An international conference on complementarity problems was held in Madison, Wisconsin on June 9-12, 1999. The meeting was attended by over 50 researchers from 12 countries, with interests both in the theory and algorithms of complementarity and their application to problems arising in economics and engineering. The following report is a summary based on a forum held at the meeting, with feedback from the complementarity community.

On July 11, Professor Jong-Shi Pang gave a historical perspective of the development of the complementarity field over the past 35 years, starting with the seminal works of Cottle, Lemke, Nash and Scarf.
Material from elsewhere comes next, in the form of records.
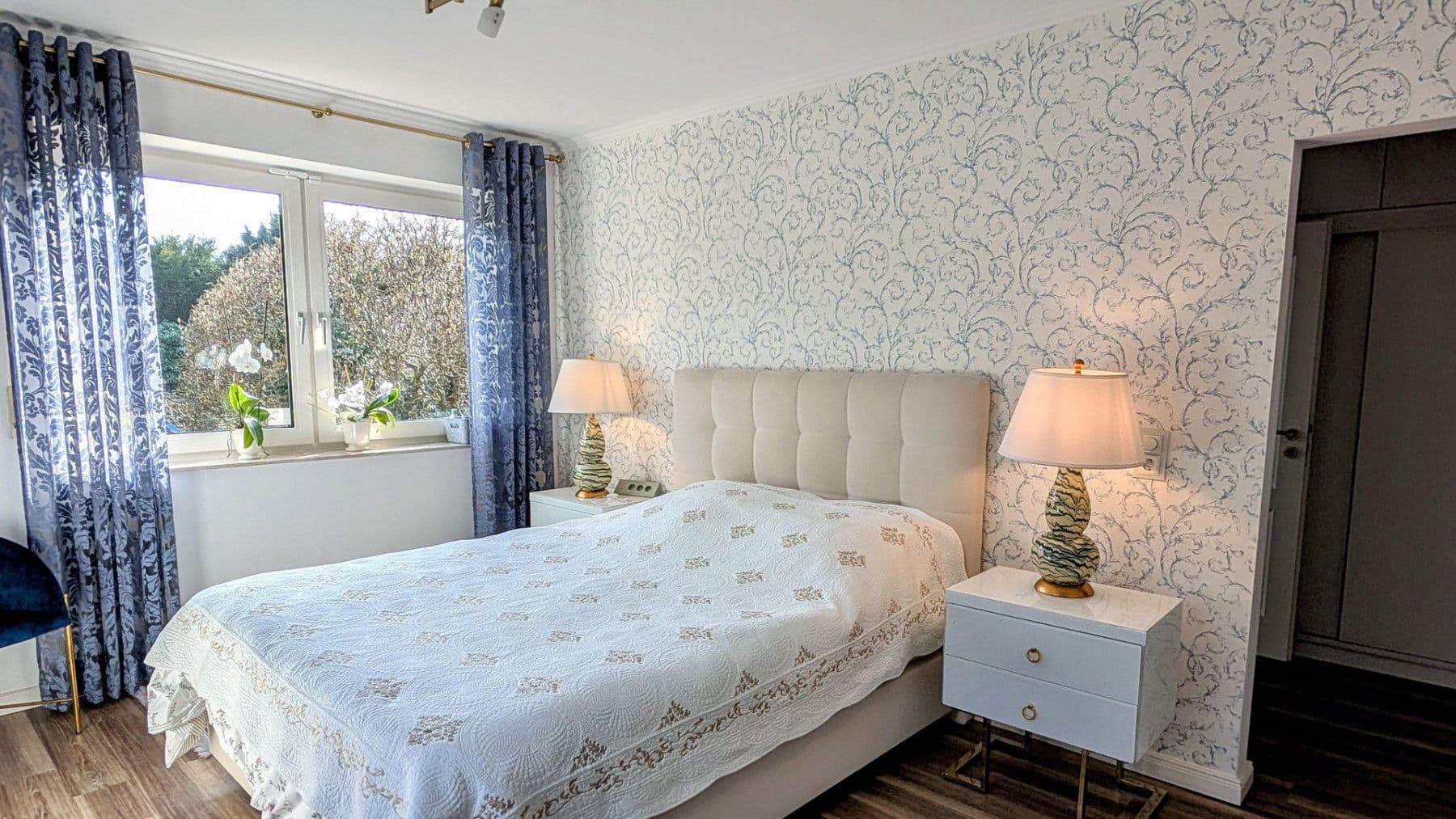 Prodej domu 295 m², pozemek 1.070 m², Bremen, Bremen Prodej domu 295 m², pozemek 1.070 m², Bremen, Bremen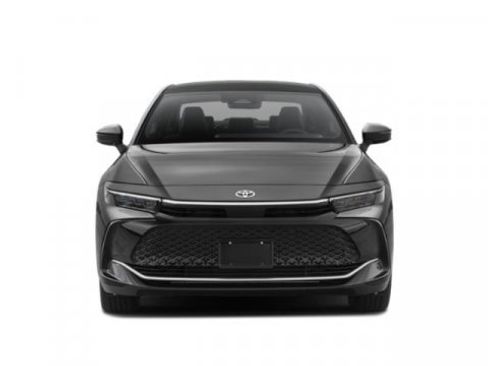 Used 2023 Toyota Crown Limited image 4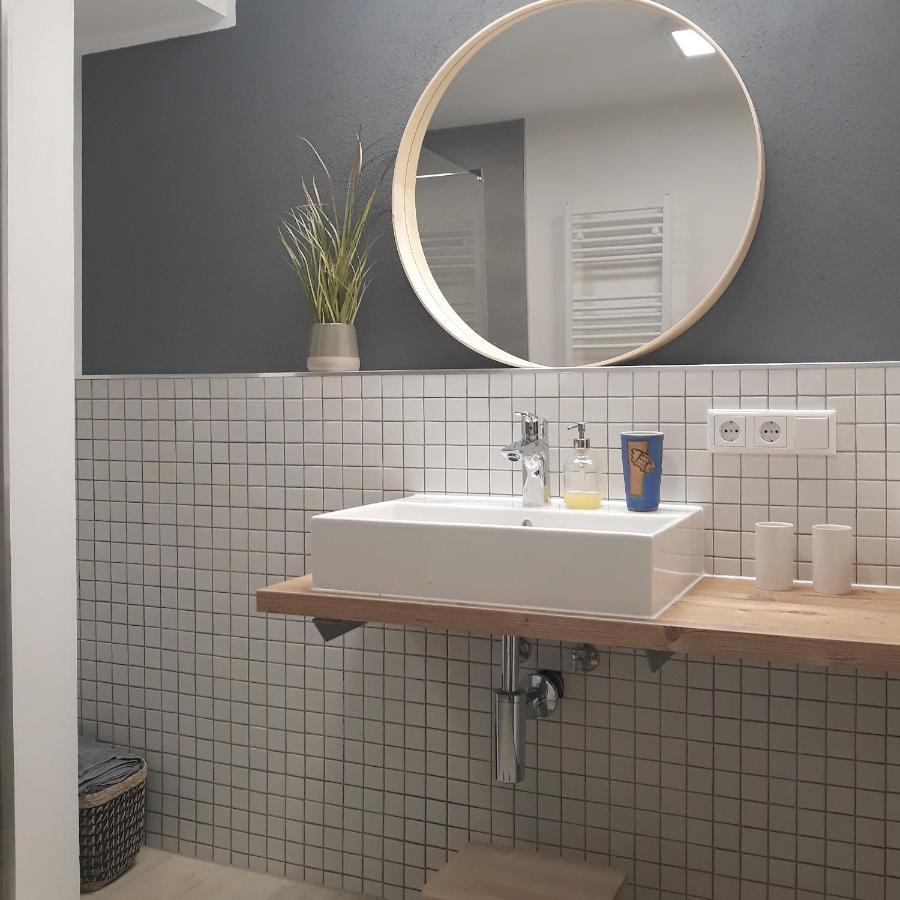 #Staywild29 - Gemuetliche Ferienwohnung Im Allgaeu Kempten Bagian luar foto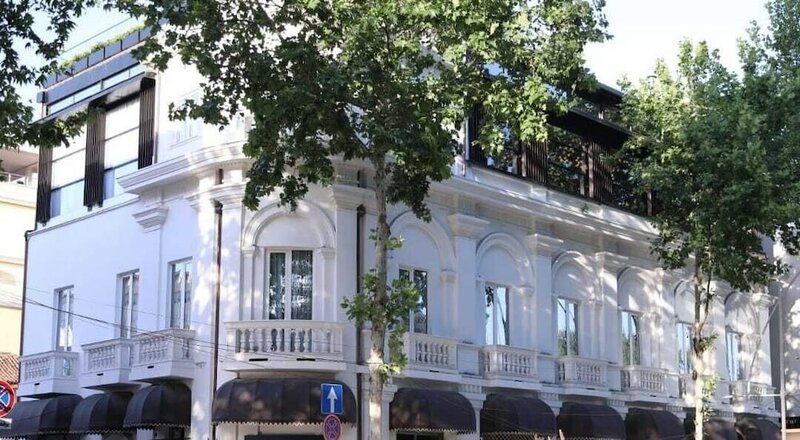Гостиница The Crown Boutique Hotel & SPA в Тиране
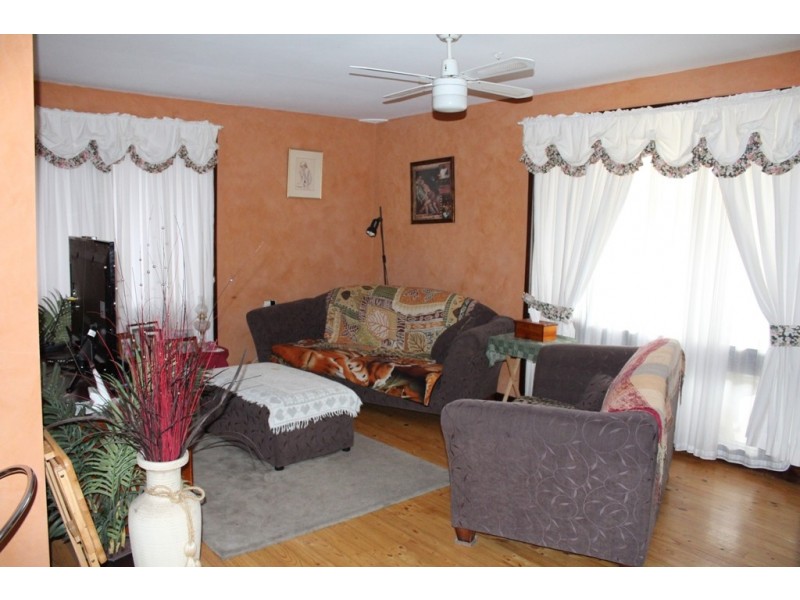 47 Booth Street, West Bathurst NSW 2795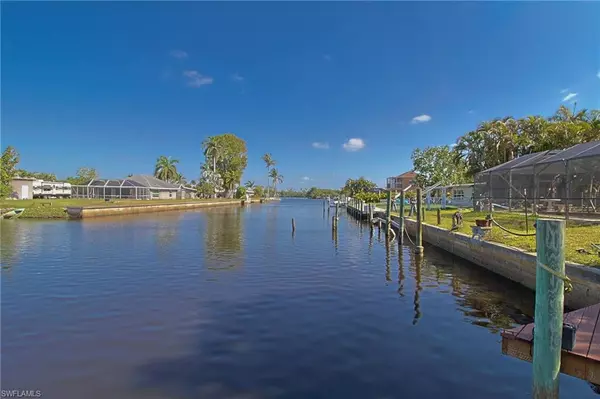 Fort Myers, FL 33905,303 Georgia AVE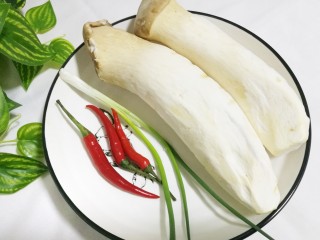 1、比肉还好吃的手撕杏鲍菇,准备杏鲍菇2根、香葱一根,朝天椒3个,清水洗净。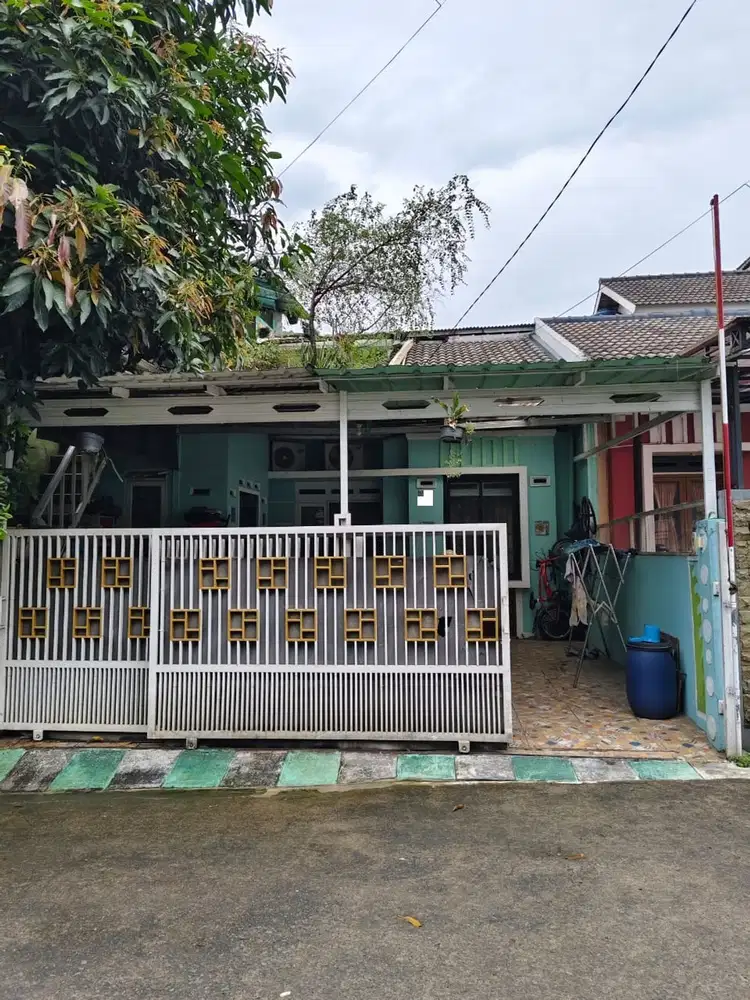 Rumah Strategis 15 Menit ke Pintu Tol Kayu Manis 1 Dibantu KPR J-26876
It was noted that complementarity has provided a uniform framework for handling a wide class of mathematical programming problems. This has enabled the field to have fundamental impacts on the theory, algorithms and applications of mathematical programming.

Following this introduction, all the attendees of the conference participated in a forum addressing "the future of complementarity". Prior to the meeting, several researchers had been given the following three questions as a means to initiate the discussion.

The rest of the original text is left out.